大きな時代の変革の影でどれだけ優秀な人間の血がながされた事か!

中国史に疎い私が、ハマりにハマった超大作なのです。


〈ツボ1〉宦官かんがんのリアル

宦官(かんがん)とは、去勢を施された官吏である。古代から各文化圏に存在した。

Wikipedia

本書が発売された2004年当時、私は「宦官かんがん」を知りませんでした。

主人公が貧しさから脱する目的で官吏を目指すため、自ら性器を切除するというとんでもないシーンから始まります。

不義を働かないためとはいえ、

自分の身の一部を切り落とすほどの「貧しさ」ってどんなん??

いきなり度肝を抜く展開にくぎ付けにならずにはいられず、序盤からその世界観に一気に誘い込まれます。


〈ツボ2〉シーン転換が効果的

描く時代は第11代・光緒の1886~1899年の13年間を進行しながら、清王朝を創設したヌルハチ(天命帝)の時代へとシーンは切り替わります。
(ちなみに日本は明治19~32年)

急に飛ぶので、最初の数行はいったい誰の話なのか「?」なのですが、わかったとたん目からウロコ状態となり、また惹きつけられます。

その後も展開する所々で、清王朝のターニングポイントとなった歴代皇帝の時代に飛びます。

最初こそ「?」だった展開も、理解してしまうととても重要な効果を生み、物語の奥行を作り出しているのです。

このシーンの切り替えは他の作品でも頻繁に使われいますが、どれも効果的にストーリーを盛り上げているのが浅田次郎氏の大きな特徴だと思います。


〈ツボ3〉西太后のイメージ

なんと言っても権力にしがみつく残虐な妃のイメージです。

1835年生まれの彼女の出身は定かではなく、
清朝を創立した女真じゅるちん族ではない漢民族の貧農だとか、下級官吏の娘だとか言われていますが、17歳の時に9代・咸豊帝かんぽうていの側室となり運命は急転します。
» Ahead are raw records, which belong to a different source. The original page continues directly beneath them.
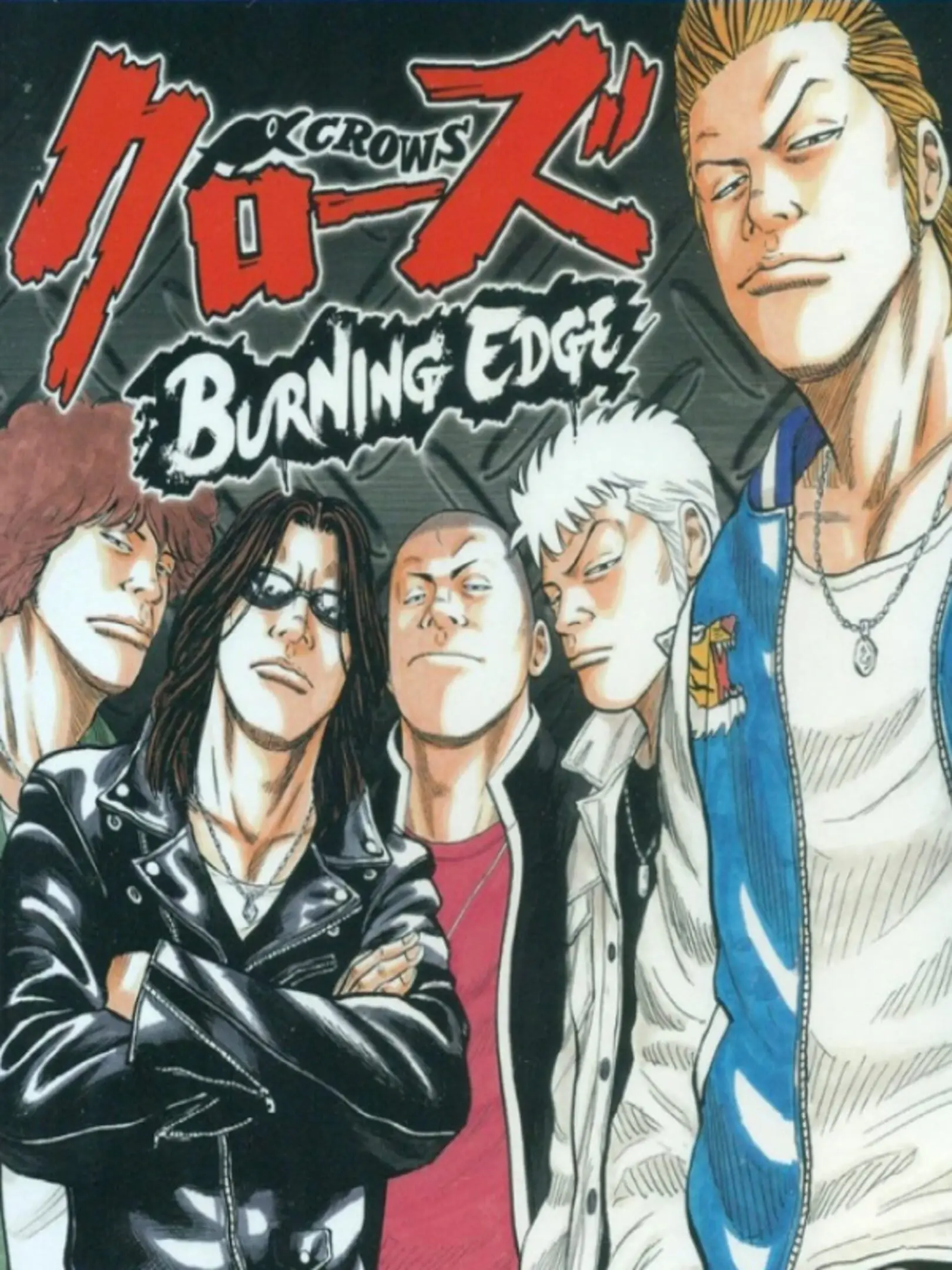 Picture of Crows: Burning Edge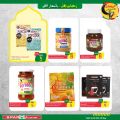 Spar Hypermarket Qatar offers 2021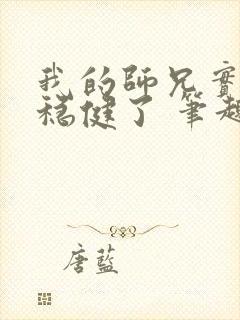 我的师兄实在太稳健了 笔趣阁封面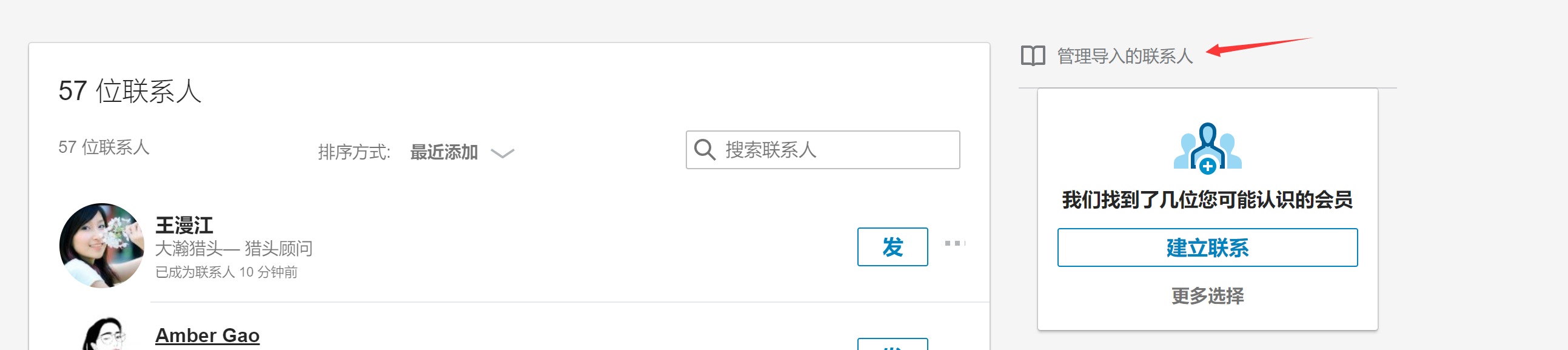 怎么给通讯录群发短信信息呢 怎么给通讯录群发短信信息呢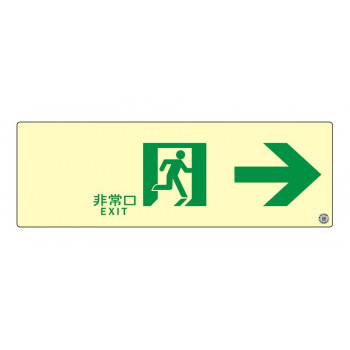 エルティーアイ　消防認定品 A級　高輝度蓄光式誘導標識  右矢印　縦100mm×横300mm  ASN901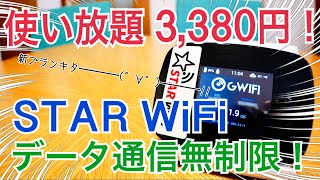 LTE使い放題3,380円！縛り無し！データ通信無制限プラン登場！【STAR Wi-Fi提供】※クーポン終了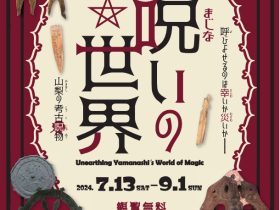 夏季企画展「呪い（まじない）の世界」山梨県立考古博物館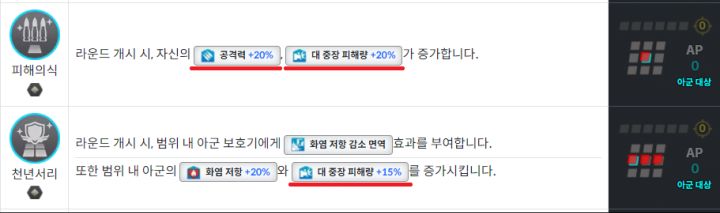 [데이터/스압주의] 개정판 장비 추천 - OS_53.png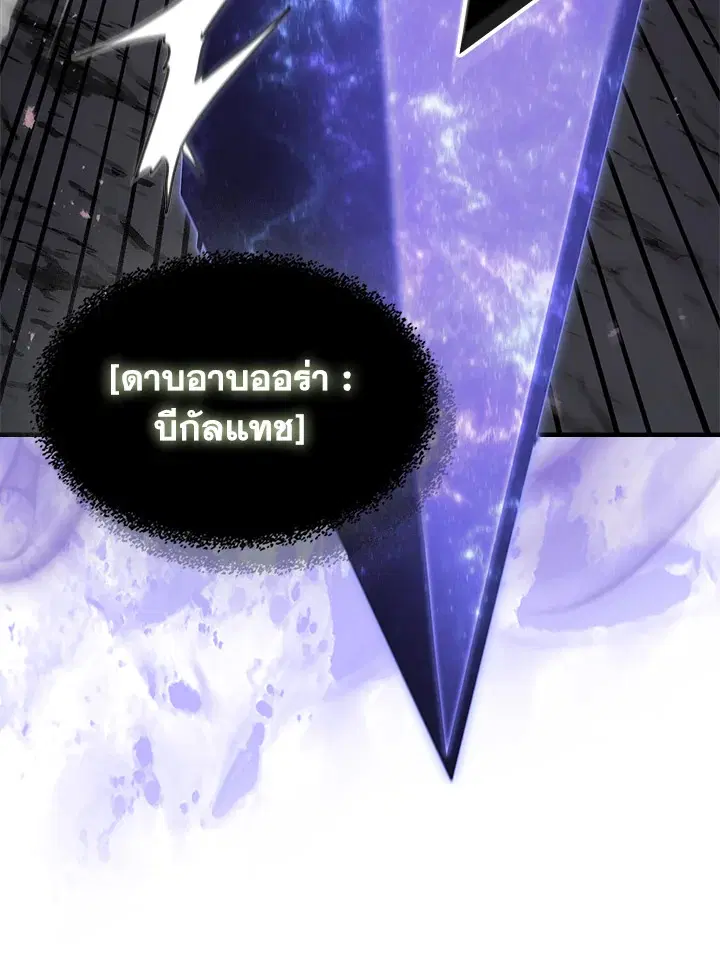 A Returner’s Magic Should Be Special ตอนที่ 238 หน้า 55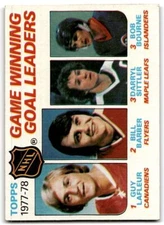 1978-79 Topps Hockey Cards Guy Lafleur/Bill Barber/Darryl Sittler/Bob Bourne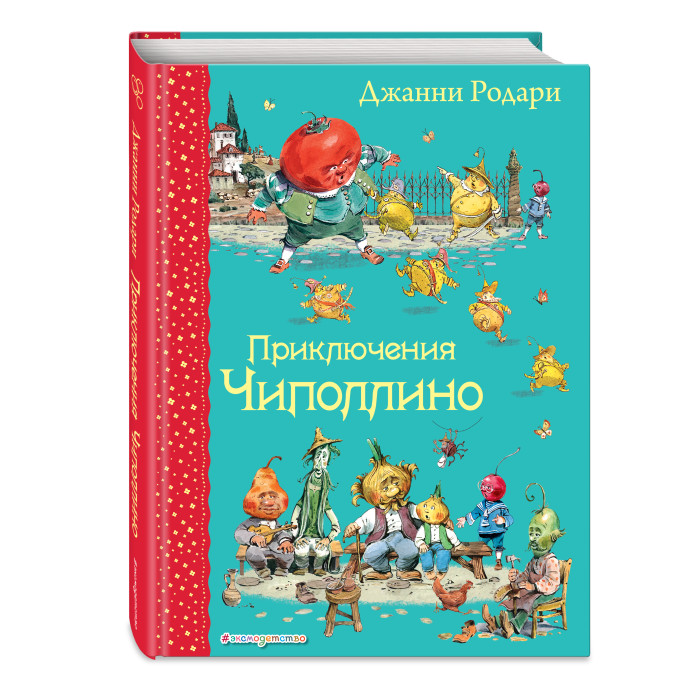 

Эксмо Приключения Чиполлино ил. В. Челака, Приключения Чиполлино ил. В. Челака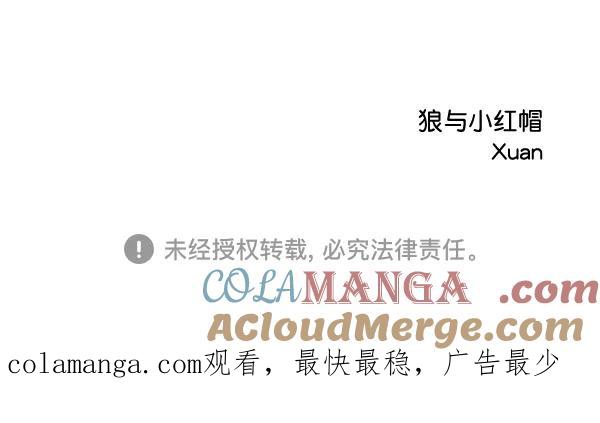 《狼与小红帽》第37话 第79页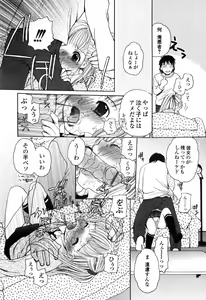 Page 127 of Shiritai Otoshigoro - preview thumbnail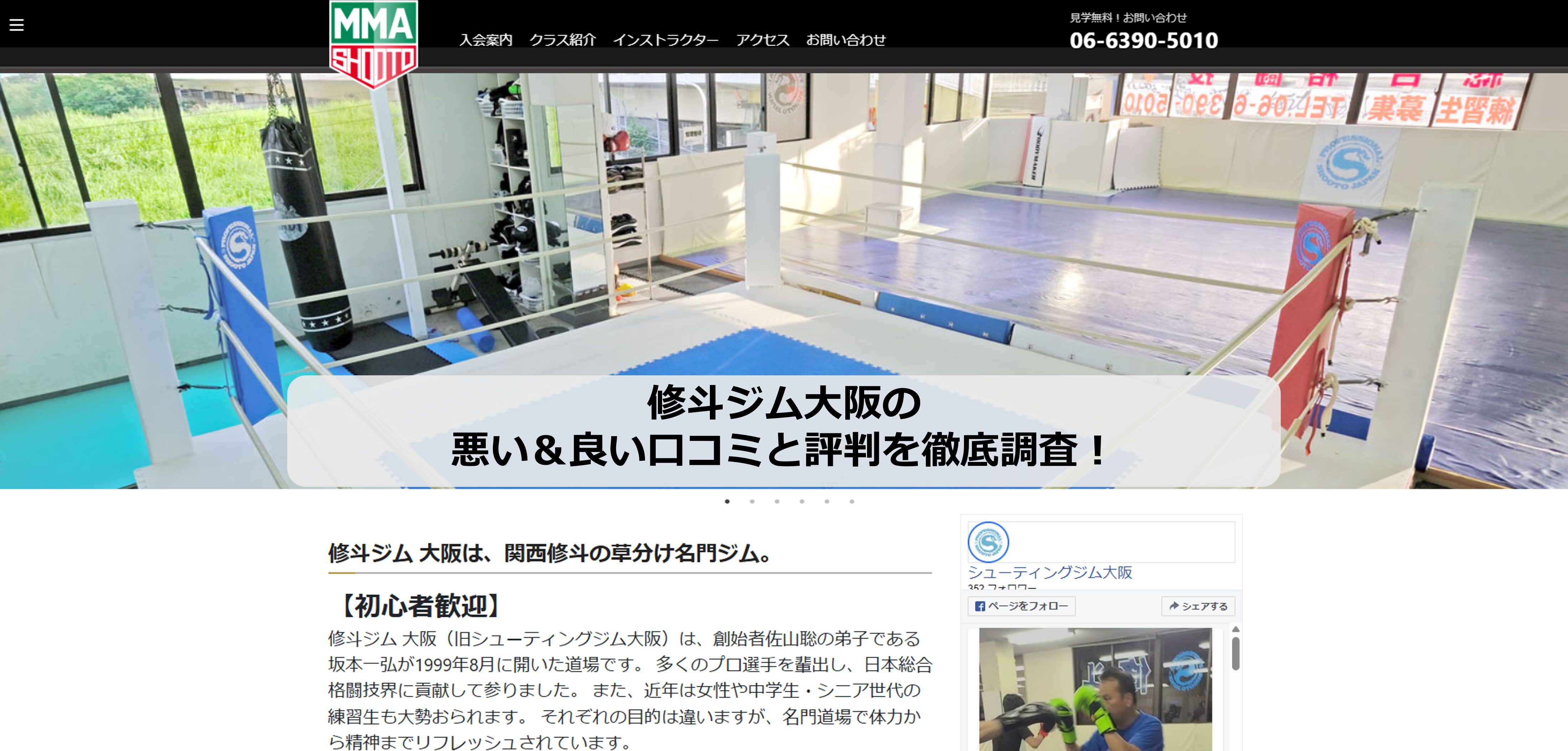 修斗ジム大阪のアイキャッチ画像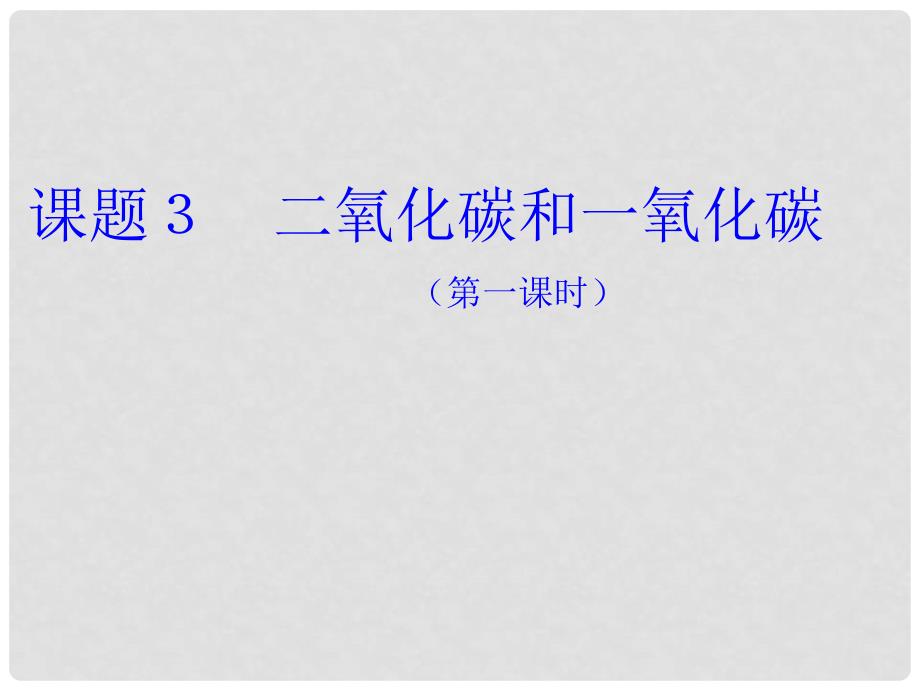 九年级化学 4.1 二氧化碳性质课件 北京课改版_第1页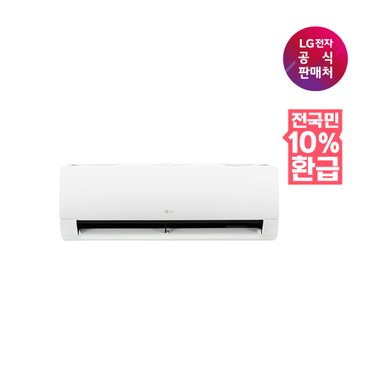 LG [가전환급10%][LG] 벽걸이 에어컨 SQ06EJ1WES [전국무료/기본설치비/실외기포함]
才色兼備の彼女は一目で皇帝の目に留まり、ここからが自らの才で清国の大支配者へとのし上がることになるのです。

彼女が悪女と言われるエピソードとして、
・夫(咸豊帝かんぽうてい)が寵愛する麗妃の両手足を切断し、生きたまま瓶に入れた
・息子(同治帝)を毒殺
・息子(同治帝)の妊娠中の妃を舞台の上に吊り上げ落として殺害
・光緒帝を毒殺

どれも震え上がるような残虐さに、人としての精神すら疑ってしまいます。
日本の悪女と言われる北条政子や日野富子なんてかわいいものだと思えるほどのレベル違いです。

しかし、本書では辣腕の政治家であり、清国への愛国心に満ちた姿を描いていますので、彼女に対しての見方が少し変わってきました。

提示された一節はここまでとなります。